Last year, Governor Bill Lee doubled the charter school slush fund while only offering a pittance to public school teachers. This year, he’s pulling a similar trick, again doubling the charter school slush fund — from $12 million to $24 million — while offering teachers a paltry 4% increase in the BEP salary number (which means an actual raise of about 2%).

Lee’s 2020-21 budget includes $24 million in funding for charter school facilities. This is a 100% improvement over the 2019-2020 budget. Simultaneously, Lee is touting a 4% increase in BEP funding for teacher salaries. This means an actual raise of less than 2% for most teachers. Even if you assume a net gain of 4%, you get a 70 cent an hour raise.
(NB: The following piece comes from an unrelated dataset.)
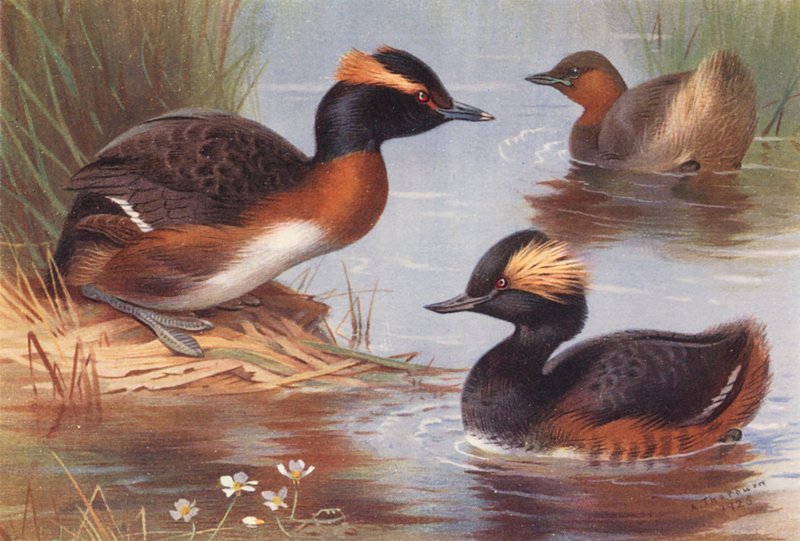  by Archibald Thorburn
Let’s be clear: Governor Lee prioritizes charter schools over Tennessee’s public school teachers. His last two budgets make that plain.

It’s also worth noting that Lee has made NO effort to improve BEP funding even as the state’s own Department of Education indicates we are 9000 teachers short of proper funding:


In Tennessee, classroom size requirements have forced districts to hire more than 9,000 teachers beyond what the BEP provides to pay for their salaries, according to a statewide analysis presented by the Department of Education in December to the BEP Review Committee.

So, we’re at a minimum of $500 million short of properly funding our schools and Lee’s proposal is to give the teachers we have a 2% raise. No word on improving the BEP. No word on a significant salary boost for existing teachers. Just 2% for teachers (4% in BEP funds), and another 100% increase for charter schools.

Could Gov. Lee’s priorities be more clear?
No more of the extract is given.